*WORK REQUEST*
Exact duplicates of the lines from the top of the data through the line containing "On Running ¥290-Yellow - Image 15" are needed, with every picture left out.

** INPUT DATA follows **

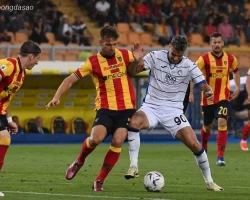 Soi kèo xiên ngày 25/09 Atalanta vs Como, Serie A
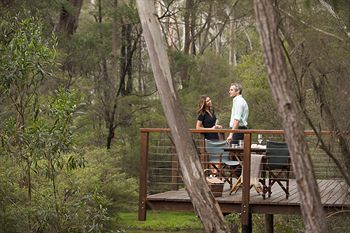 Emirates One&Only Wolgan Valley Australia - Accommodation Mt Buller 9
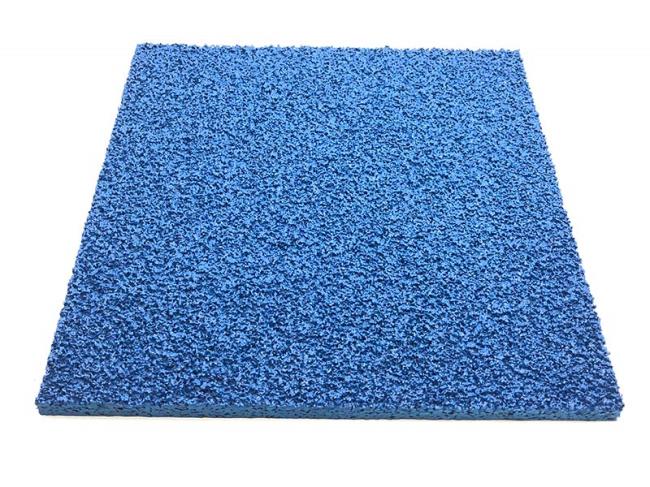 案例epdm塑胶跑道一平方多少钱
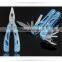 QJF-29 Top Quality Multi-functional Fishing Tackle Pliers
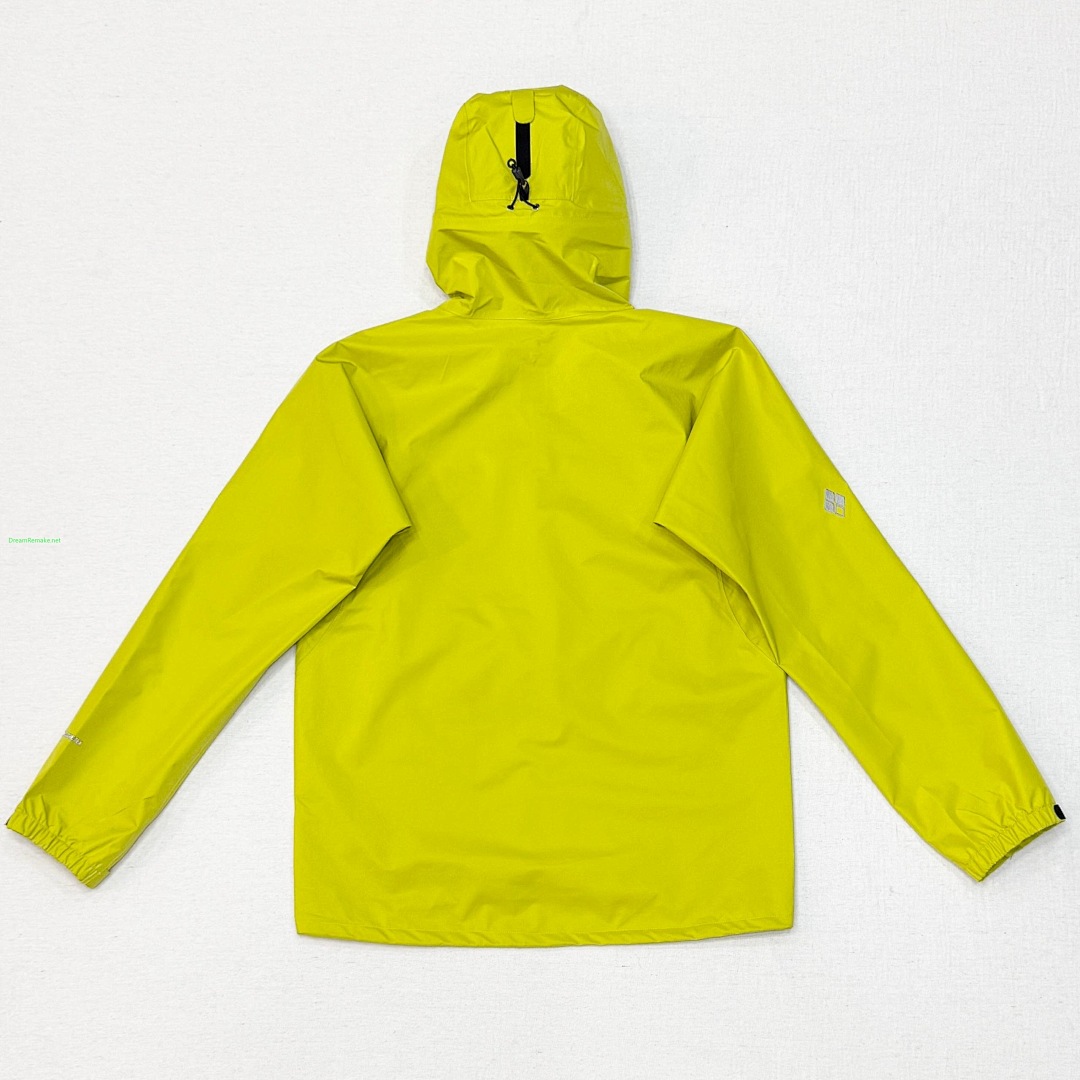On Running ¥290-Yellow - Image 15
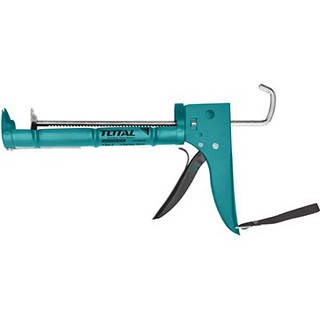 Total - THT20209 Dụng cụ bắn silicon 9" (235mm)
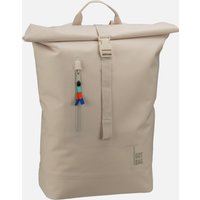 GOT BAG - Rolltop Lite 2.0 Soft Shell - Rolltop Rucksack  , 26 l von GOT BAG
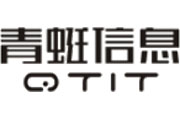簽約：洛壹網絡簽約深圳青蜓信息科技有限公司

** End of INPUT DATA **

*EXERCISE RESULT*
 Soi kèo xiên ngày 25/09 Atalanta vs Como, Serie A
 Emirates One&Only Wolgan Valley Australia - Accommodation Mt Buller 9
 案例epdm塑胶跑道一平方多少钱
 QJF-29 Top Quality Multi-functional Fishing Tackle Pliers
On Running ¥290-Yellow - Image 15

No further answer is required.